▶ [RECORDS]
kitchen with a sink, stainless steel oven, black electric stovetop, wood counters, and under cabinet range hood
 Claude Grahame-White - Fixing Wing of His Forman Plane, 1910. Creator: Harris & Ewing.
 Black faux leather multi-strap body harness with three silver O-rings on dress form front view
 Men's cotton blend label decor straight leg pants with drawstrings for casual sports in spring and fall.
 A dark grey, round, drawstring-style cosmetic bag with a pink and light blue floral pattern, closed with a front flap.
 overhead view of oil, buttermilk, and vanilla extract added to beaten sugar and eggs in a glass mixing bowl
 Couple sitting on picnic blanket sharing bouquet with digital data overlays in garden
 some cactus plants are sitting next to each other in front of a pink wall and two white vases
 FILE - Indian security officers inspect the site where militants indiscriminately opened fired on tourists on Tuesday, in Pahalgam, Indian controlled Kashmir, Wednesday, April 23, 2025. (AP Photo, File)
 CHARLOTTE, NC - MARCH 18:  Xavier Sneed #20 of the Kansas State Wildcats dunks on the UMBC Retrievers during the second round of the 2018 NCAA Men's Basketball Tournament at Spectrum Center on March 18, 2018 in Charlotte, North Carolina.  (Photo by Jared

▶ [REQUIRED WORK] Please return every line from the first one in the records above down to the line containing "Men's cotton blend", including both, exactly as written and nothing more.

▶ [REPLY]
kitchen with a sink, stainless steel oven, black electric stovetop, wood counters, and under cabinet range hood
 Claude Grahame-White - Fixing Wing of His Forman Plane, 1910. Creator: Harris & Ewing.
 Black faux leather multi-strap body harness with three silver O-rings on dress form front view
 Men's cotton blend label decor straight leg pants with drawstrings for casual sports in spring and fall.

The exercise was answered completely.